When stratified by SEP index quartiles, the only significant difference between patients stratified by time from arrival to TB diagnosis was seen among those living in the highest SEP group, where clustering peaked among individuals who had been in the US between 10–19 years from arrival to TB diagnosis (data not shown). Individuals who arrived more recently (0–4 years) were more likely to cluster if they lived in lower SES quartile block groups (P-trend 0.035).

Multilevel models in which community-level characteristics were measured at the block group level demonstrated that lower SEP index was positively associated with TB genotypic clustering after controlling for individual covariates, but the trend of higher clustering risk with lower SEP quartile was diminished when adding additional block-group covariates. In an unadjusted model, a large change in between-community variance (25% decrease) suggested the distribution of SEP quartiles was different across block groups. With progressively lower SEP index quartiles, odds of TB clustering increased compared to the next highest quartile (Table 4, model 2). A positive linear trend was observed (P = 0.005). Once individual demographic variables were included in the model (model 3), the association between SEP and TB clustering did not change. Foreign-born patients were significantly less likely to have clustered disease when compared to US-born patients. Addition of individual-level SES measures did not affect the SEP-clustering association (model 4).

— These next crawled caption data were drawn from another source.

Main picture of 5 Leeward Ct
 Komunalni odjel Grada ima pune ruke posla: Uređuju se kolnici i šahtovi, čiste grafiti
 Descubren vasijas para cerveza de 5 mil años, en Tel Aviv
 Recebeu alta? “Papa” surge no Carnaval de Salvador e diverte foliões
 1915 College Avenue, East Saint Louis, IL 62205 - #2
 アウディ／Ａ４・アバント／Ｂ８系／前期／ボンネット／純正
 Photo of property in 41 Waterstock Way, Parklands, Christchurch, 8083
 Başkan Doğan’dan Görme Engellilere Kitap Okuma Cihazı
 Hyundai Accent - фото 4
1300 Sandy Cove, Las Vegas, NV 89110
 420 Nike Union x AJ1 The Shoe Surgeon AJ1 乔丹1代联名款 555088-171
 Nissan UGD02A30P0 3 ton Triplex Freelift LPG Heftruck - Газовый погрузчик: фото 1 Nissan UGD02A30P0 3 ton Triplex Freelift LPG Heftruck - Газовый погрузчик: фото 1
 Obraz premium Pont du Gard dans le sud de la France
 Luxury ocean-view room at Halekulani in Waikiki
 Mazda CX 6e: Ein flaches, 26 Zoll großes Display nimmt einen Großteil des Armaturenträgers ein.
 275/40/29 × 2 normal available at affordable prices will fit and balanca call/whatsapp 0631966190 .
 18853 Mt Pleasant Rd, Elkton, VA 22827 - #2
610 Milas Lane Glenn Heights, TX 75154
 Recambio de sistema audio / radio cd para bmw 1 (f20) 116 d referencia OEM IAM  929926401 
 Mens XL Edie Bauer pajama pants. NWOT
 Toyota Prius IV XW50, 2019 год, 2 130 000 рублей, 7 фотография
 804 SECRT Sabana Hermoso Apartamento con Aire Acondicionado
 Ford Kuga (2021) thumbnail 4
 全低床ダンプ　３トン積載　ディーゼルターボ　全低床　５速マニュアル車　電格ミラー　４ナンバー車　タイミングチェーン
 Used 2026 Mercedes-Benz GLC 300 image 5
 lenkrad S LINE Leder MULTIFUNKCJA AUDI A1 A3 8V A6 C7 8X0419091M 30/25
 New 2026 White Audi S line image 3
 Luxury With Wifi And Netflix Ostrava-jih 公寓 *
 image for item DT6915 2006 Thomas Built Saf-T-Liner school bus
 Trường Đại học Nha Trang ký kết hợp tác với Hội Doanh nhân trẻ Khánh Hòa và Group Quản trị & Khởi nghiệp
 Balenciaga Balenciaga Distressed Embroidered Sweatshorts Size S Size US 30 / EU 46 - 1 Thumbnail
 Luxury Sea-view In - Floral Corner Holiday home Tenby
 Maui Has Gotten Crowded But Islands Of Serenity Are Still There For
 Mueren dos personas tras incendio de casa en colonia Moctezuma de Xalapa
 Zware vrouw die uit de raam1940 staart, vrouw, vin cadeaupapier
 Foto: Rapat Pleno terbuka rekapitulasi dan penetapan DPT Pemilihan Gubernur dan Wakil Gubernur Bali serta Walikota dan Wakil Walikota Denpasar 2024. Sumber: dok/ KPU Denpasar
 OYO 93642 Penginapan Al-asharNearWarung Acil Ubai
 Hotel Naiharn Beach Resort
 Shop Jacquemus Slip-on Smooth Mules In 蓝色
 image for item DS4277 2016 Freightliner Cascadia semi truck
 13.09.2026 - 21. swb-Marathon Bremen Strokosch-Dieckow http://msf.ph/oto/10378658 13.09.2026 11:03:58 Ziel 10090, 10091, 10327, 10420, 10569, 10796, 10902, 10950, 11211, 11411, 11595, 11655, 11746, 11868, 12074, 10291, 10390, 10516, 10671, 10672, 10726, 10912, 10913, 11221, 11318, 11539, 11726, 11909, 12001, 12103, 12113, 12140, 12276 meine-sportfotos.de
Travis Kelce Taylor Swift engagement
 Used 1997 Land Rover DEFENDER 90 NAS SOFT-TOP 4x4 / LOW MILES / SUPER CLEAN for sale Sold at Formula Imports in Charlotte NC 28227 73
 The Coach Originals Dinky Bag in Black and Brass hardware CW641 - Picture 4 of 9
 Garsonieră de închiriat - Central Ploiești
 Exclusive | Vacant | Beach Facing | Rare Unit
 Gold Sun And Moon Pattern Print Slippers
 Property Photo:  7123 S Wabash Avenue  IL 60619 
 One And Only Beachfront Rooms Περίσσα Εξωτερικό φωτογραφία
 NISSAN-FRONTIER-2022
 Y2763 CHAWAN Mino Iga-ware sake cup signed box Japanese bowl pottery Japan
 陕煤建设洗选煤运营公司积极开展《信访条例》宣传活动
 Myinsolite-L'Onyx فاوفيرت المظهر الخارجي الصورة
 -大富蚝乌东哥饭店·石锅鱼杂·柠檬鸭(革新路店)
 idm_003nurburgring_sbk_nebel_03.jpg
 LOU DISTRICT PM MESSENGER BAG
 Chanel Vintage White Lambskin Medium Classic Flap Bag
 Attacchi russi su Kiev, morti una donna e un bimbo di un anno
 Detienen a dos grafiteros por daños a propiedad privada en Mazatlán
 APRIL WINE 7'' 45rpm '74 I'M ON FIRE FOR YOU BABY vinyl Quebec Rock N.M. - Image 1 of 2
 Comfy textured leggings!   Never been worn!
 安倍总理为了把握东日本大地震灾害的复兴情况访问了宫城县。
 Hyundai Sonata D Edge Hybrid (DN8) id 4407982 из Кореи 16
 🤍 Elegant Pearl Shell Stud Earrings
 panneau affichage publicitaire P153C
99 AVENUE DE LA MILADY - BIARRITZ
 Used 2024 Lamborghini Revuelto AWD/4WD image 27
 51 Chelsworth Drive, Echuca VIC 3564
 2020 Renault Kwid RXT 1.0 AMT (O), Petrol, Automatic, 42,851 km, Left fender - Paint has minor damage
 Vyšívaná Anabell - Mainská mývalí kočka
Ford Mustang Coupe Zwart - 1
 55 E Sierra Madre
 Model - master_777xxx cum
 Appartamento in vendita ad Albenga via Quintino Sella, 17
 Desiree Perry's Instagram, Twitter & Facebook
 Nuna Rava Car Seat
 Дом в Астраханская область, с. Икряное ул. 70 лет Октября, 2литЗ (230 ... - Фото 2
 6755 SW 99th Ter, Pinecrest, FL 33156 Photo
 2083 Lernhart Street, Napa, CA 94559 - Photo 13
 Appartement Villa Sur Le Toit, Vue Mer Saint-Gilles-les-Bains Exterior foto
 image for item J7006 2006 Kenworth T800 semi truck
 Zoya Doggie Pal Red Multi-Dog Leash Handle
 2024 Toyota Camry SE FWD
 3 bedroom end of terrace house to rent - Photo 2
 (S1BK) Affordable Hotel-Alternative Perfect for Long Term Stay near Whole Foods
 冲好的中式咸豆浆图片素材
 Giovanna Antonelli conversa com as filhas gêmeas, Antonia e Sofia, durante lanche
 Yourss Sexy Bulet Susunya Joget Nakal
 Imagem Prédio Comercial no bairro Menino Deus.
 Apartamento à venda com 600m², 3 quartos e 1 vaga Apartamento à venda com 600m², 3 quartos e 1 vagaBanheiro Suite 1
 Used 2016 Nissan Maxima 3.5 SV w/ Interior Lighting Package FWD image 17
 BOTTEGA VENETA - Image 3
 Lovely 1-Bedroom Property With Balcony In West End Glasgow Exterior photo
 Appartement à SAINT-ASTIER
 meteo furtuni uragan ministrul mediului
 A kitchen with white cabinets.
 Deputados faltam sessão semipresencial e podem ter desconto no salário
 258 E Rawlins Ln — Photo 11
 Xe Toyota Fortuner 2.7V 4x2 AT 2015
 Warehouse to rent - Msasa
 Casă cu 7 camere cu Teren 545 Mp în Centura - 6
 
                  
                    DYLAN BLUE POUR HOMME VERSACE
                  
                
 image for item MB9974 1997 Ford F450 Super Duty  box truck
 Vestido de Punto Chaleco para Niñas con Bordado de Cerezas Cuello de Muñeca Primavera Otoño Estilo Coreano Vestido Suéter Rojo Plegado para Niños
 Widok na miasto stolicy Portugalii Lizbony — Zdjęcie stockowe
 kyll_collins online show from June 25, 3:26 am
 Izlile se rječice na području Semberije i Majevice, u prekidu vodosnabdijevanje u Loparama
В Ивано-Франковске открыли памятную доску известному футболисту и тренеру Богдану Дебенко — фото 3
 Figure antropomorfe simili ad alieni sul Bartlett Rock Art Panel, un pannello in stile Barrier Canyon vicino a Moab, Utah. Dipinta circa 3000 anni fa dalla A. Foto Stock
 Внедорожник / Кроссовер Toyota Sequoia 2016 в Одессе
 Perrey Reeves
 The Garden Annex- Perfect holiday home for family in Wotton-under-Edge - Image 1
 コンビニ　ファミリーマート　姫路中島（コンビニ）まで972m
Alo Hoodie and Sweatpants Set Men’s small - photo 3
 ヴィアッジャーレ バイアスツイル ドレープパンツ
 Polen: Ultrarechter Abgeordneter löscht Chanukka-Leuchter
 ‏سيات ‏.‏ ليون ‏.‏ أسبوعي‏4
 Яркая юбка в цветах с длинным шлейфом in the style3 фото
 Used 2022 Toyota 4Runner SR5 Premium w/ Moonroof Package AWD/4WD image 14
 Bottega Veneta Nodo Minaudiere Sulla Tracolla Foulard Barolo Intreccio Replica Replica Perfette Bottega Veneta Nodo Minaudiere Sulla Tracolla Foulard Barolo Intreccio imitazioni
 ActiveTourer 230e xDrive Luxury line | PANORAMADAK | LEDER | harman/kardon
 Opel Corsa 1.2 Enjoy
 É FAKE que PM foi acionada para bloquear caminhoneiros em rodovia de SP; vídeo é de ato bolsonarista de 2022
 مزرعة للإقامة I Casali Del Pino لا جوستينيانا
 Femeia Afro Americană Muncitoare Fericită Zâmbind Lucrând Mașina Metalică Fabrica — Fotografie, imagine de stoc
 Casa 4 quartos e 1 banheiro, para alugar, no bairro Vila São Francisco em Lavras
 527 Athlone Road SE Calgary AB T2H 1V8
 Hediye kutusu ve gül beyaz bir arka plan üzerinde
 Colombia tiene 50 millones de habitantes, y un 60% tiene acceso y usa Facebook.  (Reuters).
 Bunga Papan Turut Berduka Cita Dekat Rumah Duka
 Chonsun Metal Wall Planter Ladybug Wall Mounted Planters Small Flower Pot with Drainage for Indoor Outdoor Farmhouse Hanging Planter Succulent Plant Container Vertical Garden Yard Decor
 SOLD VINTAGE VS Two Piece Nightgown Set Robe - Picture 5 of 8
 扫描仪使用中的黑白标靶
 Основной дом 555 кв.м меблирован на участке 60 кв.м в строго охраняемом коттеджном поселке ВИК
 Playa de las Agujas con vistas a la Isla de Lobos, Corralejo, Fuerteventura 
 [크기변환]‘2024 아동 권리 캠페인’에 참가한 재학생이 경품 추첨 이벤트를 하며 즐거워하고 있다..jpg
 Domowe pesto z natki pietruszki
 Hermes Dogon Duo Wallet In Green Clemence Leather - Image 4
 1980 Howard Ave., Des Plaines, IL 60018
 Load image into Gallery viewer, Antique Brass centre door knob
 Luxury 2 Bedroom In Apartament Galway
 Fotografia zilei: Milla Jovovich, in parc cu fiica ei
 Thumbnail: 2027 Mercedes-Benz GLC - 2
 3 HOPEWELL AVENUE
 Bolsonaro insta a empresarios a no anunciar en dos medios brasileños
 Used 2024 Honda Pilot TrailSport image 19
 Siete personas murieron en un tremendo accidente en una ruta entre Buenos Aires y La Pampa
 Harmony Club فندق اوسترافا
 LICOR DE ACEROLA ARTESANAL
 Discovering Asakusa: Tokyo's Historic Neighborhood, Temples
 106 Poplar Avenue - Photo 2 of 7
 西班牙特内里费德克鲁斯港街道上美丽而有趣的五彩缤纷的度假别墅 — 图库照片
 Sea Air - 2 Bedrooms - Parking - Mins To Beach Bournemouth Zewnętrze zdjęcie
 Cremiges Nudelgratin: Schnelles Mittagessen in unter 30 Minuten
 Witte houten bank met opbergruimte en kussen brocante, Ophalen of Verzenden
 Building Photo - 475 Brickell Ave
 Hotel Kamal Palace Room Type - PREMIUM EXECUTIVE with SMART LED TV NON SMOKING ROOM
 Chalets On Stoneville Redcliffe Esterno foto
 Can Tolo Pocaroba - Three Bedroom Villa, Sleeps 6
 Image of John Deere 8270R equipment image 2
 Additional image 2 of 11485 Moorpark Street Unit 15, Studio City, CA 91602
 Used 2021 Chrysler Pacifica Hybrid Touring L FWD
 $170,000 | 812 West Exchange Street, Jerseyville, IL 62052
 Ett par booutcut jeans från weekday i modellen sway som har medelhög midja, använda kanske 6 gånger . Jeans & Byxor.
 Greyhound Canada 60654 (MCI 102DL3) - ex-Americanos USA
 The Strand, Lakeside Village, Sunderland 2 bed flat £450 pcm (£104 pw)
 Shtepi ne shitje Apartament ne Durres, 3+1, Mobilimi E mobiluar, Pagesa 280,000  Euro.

When area-level demographic variables were added, SEP-TB clustering odds ratios decreased in the lowest SEP quartile and the significant linear trend showing increasing with decreasing SEP disappeared (P = 0.244). Areas with larger proportions of black inhabitants were more likely to have TB clusters (Adjusted OR = 1.25; 95% CI: 1.01, 1.29) (model 5). In this multilevel analysis, the only individual-level variables to remain independently associated with TB clustering were foreign-born and race after inclusion of all covariates. These findings suggest that area-level demographic measures, and hence factors related to the area of residence, may substantially affect genotyping clustering among TB patients in the lowest SEP quartile.